Monthly Archives: July 2013

I thought I knew for sure.


I read this Motherese post this morning with great interest. In it, Kristen weighs in gently on the whole “leaning in” debate, speaking a bit about work/life balance and more about her own ambivalence toward workplace advancement. It really resonated – with my own history and passions, and with where I’m at on this issue right now.

Like Kristen, a high-powered career never appealed to me. After college, I worked in a number of different family support and education capacities: first with a program that took American high school students on service learning trips abroad, and then with an early childhood literacy program and an adult GED program, both through AmeriCorps. After that I worked a brief stint as a preschool teacher before moving to New York City to work with an amazing small anti-poverty organization called Fourth World Movement. While I found all those jobs satisfying and meaningful, it was in New York that I felt most truly in my element: grateful every day to be surrounded by good people with a common ethos, challenged in intense but healthy ways to reconsider what I thought I understood about poverty, and welcome and necessary despite my own shortcomings.
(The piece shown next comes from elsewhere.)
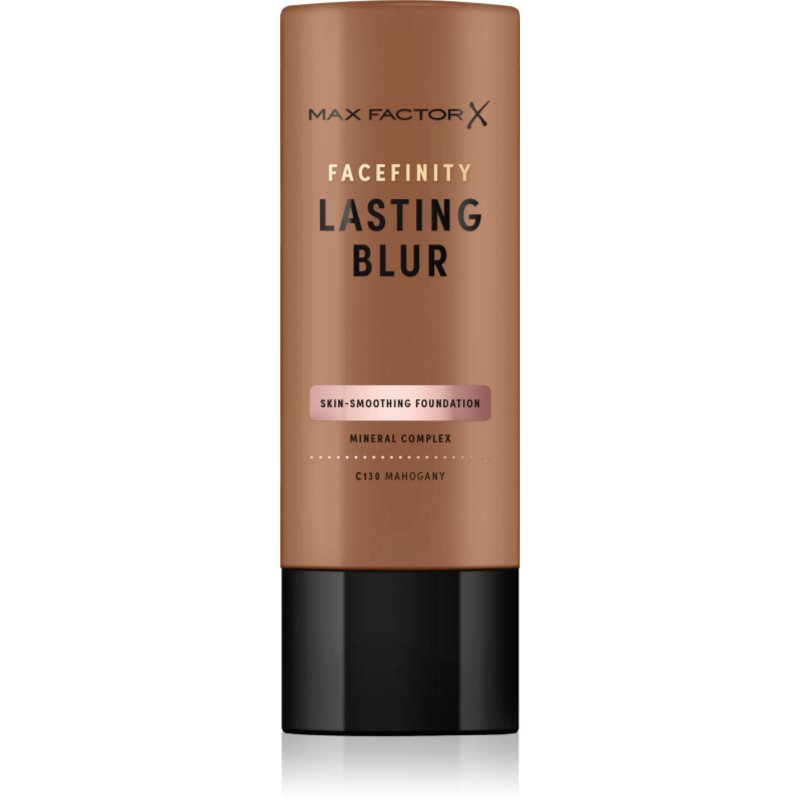 Max Factor Facefinity Lasting Blur dugotrajni puder nijansa C130 Mohogany 35 ml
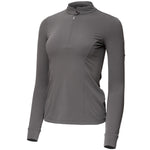 Julia Long Sleeve Riding Shirt - Halter Ego® - Equiluxe Tack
When I first came to farming, I felt a real loneliness. My bosses and coworkers were lovely people. I loved the ache in my forearms, the tingle of sunburn on my shoulders and in the small of my back, and the faint semi-permanent black filigree on my hands familiar to anyone who has picked as many tomatoes as I did that summer.  I felt strong, and healthy. But if I had to choose between a lifetime supply of dead ripe organic Cherokee Purple tomatoes and world where we all tried our damnedest to exclude and judge less and love a whole lot more – I’d choose love every time. I really, really missed my people in New York.

But I was also in love with a farmer, and so I kept learning how to troubleshoot irrigation headaches, and how to tie a Florida weave, and how to to judge the ripeness of an eggplant. The next year I worked on a pastured livestock farm, where I learned to walk down a steep incline with a massive cedar fence post balanced on my shoulders, and that the best defense against poison ivy was to COVER YOURSELF UP FOR PETE’S SAKE!. I got pretty good at eviscerating chickens, and I can still tell you why oxtail has so much more flavor than a filet mignon, and I can also tell you it is totally possible to get a bruised rib from a Katahdin ewe.

It was near the end of that season that we decided to get married. And – despite many years of declaring I would never own a business and never be anyone’s boss – the next step seemed a natural one at the time: I became business partners with my husband. We continued operating his farm on leased land for one more season before buying our own acreage and moving four hours south the following winter to build our own farm from scratch.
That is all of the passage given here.